My other grandfather had a heart attack; he appeared to be extremely healthy.

I don’t like how I feel. I’m scared. I feel sick and it’s really hard to focus on anything else but how awful I feel. I’m hot. My head is pulsating with pain; I feel nauseated and bloated and fat. Exercise does not make me feel better.

Hopefully this is the wake up call I needed. I want to believe that from this moment on, I’ll be good. I’ve cancelled my diet-to-go meals because I wasn’t eating them. I’d much rather go out to lunch and be social with my co-workers and it’s not always easy to make good choices when eating out. I’m going to try harder, focus on salads and not those fattening salads either. Today for lunch I had a chicken breast salad with blue cheese crumbles and balsamic vinegraitte on the side. Maybe not 100% good for me, but the best choice I had. My SF FF latte was unfinished and I only had half of the 20oz Diet Coke I bought this morning. I’m currently drinking Dasani.

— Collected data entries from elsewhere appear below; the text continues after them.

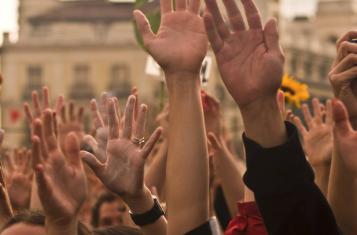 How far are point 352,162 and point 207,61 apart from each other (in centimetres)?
331

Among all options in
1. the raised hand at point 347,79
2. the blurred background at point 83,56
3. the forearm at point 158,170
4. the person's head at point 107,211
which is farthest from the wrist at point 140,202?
the blurred background at point 83,56

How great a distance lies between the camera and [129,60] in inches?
2576

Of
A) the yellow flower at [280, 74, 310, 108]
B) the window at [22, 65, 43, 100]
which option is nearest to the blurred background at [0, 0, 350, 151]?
the window at [22, 65, 43, 100]

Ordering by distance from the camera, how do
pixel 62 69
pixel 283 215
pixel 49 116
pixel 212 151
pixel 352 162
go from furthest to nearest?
pixel 62 69 → pixel 212 151 → pixel 49 116 → pixel 352 162 → pixel 283 215

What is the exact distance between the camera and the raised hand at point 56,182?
3281mm

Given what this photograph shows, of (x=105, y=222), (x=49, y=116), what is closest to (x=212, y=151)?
(x=105, y=222)

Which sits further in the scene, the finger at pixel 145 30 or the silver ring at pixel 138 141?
the silver ring at pixel 138 141

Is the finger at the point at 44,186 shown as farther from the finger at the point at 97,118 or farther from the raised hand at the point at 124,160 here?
the finger at the point at 97,118

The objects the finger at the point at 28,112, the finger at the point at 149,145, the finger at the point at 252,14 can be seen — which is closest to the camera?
the finger at the point at 252,14

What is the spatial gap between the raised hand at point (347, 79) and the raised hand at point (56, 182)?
666 millimetres

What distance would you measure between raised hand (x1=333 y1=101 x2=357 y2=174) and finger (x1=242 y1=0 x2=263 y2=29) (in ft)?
0.95

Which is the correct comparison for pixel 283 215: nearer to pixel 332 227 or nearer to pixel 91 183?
pixel 332 227

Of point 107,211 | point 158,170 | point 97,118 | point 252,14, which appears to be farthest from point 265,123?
point 107,211

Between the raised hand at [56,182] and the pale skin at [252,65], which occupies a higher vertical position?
the pale skin at [252,65] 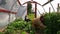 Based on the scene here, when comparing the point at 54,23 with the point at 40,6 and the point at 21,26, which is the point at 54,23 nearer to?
the point at 21,26

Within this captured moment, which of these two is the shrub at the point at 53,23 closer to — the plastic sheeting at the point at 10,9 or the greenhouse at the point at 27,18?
the greenhouse at the point at 27,18

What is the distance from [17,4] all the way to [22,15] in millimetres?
1146

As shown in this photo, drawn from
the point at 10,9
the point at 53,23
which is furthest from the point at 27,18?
the point at 53,23

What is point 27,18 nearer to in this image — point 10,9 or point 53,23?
point 10,9

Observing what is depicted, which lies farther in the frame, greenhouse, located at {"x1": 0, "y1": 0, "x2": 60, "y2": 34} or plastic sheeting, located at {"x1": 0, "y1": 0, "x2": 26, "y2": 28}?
plastic sheeting, located at {"x1": 0, "y1": 0, "x2": 26, "y2": 28}

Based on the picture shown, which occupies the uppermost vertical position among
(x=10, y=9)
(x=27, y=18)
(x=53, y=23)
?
(x=10, y=9)

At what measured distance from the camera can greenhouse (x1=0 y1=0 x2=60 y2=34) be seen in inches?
299

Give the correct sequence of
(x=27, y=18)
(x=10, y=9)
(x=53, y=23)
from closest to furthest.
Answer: (x=53, y=23)
(x=10, y=9)
(x=27, y=18)

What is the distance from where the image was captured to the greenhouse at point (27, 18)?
24.9 ft

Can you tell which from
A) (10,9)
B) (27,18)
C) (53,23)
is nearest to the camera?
(53,23)

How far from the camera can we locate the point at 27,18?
1348cm

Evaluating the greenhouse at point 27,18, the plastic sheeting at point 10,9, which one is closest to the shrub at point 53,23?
the greenhouse at point 27,18

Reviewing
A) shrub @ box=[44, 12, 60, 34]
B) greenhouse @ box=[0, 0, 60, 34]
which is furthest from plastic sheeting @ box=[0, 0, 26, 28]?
shrub @ box=[44, 12, 60, 34]

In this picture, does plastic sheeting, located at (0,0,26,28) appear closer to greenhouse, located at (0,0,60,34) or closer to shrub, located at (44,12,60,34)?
greenhouse, located at (0,0,60,34) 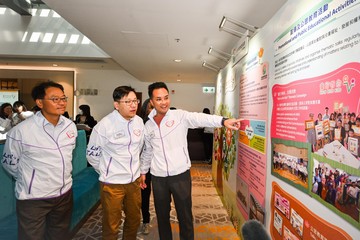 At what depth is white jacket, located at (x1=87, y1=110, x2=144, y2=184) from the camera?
6.38 ft

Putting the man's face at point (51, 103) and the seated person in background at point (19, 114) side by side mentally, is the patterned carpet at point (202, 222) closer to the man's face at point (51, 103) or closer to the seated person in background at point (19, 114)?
the man's face at point (51, 103)

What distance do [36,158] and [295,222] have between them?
5.77 ft

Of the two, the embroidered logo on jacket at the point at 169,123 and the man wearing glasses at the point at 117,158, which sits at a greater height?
the embroidered logo on jacket at the point at 169,123

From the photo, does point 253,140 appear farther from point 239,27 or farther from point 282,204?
point 239,27

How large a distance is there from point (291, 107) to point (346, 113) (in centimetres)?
47

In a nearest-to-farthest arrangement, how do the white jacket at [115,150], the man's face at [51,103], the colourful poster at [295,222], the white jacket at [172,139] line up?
the colourful poster at [295,222], the man's face at [51,103], the white jacket at [115,150], the white jacket at [172,139]

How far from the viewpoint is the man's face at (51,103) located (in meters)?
1.70

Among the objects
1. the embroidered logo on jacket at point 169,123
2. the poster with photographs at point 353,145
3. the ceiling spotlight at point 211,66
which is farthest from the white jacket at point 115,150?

I wish I had an immediate answer for how I feel, something to make me feel better right away because quiet frankly feeling this way doesn’t make me want to exercise any more than when I was feeling well. 2 minutes on the Arc Trainer and my heart beat was 179 two days ago — way scary. Sitting here in this chair where I’ve been for 30 minutes, I can feel my heart thumping in my chest and I’m scared. Quiet frankly if I never see another Twizzler, it’ll be too soon. I may even feel that way about brownies, nachos, and rice krispy treats. Heh.